Optimal galaxy survey for detecting the dipole in the cross-correlation with 21 cm Intensity Mapping

TL;DR

This paper explores how to optimize galaxy surveys for detecting the relativistic dipole in the cross-correlation with 21 cm intensity mapping, proposing strategies to maximize signal-to-noise ratio.

Contribution

It introduces an optimal galaxy catalog selection method and analyzes the impact of biases and magnitude thresholds on the dipole detection.

Findings

Signal-to-noise does not increase with bias difference due to shot noise.

Optimal magnitude threshold enhances the dipole detection.

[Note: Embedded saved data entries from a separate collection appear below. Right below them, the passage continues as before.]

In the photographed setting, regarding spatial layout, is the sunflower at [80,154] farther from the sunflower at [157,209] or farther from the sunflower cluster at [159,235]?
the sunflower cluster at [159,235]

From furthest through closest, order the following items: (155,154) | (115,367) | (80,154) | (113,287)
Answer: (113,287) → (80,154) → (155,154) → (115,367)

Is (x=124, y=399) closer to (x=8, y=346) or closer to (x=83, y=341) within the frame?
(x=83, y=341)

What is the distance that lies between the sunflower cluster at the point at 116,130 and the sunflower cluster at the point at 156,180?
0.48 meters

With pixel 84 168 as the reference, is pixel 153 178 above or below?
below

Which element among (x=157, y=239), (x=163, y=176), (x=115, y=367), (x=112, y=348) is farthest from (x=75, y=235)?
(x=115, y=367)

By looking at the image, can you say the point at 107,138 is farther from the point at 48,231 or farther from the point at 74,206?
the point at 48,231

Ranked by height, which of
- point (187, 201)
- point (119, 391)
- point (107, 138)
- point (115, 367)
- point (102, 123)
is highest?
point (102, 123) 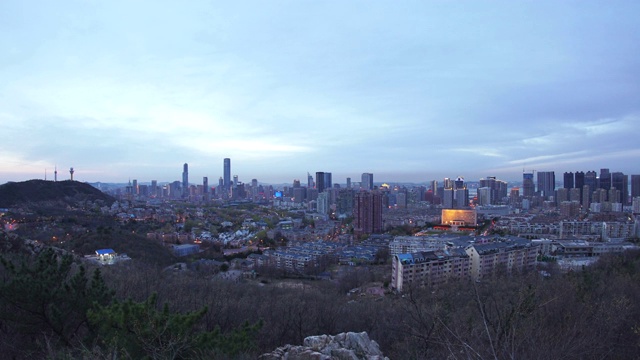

Potential to increase detection SNR by up to a factor of five.

Abstract

We investigate the future perspectives of the detection of the relativistic dipole by cross-correlating the 21 cm emission in Intensity Mapping (IM) and galaxy surveys at low redshift. We model the neutral hydrogen (HI) and the galaxy population by means of the halo model to relate the parameters that affect the dipole signal such as the biases of the two tracers and the Poissonian noise. We investigate the behavior of the signal-to-noise as a function of the galaxy and magnification biases, for two fixed models of the neutral hydrogen. In both cases we found that the signal-to-noise does not grow by increasing the difference between the biases of the two tracers, due to the larger shot-noise yields by highly biased tracers. We also study and provide an optimal luminosity-threshold galaxy catalogue to enhance the signal-to-noise ratio of the relativistic dipole. Interestingly, we show that the maximum magnitude provided by the survey does not lead to the maximum signal-to-noise for detecting relativistic effects and we predict the optimal value for the limiting magnitude. Our work suggests that an optimal analysis could increase the signal-to-noise ratio up to a factor five compared to a standard one.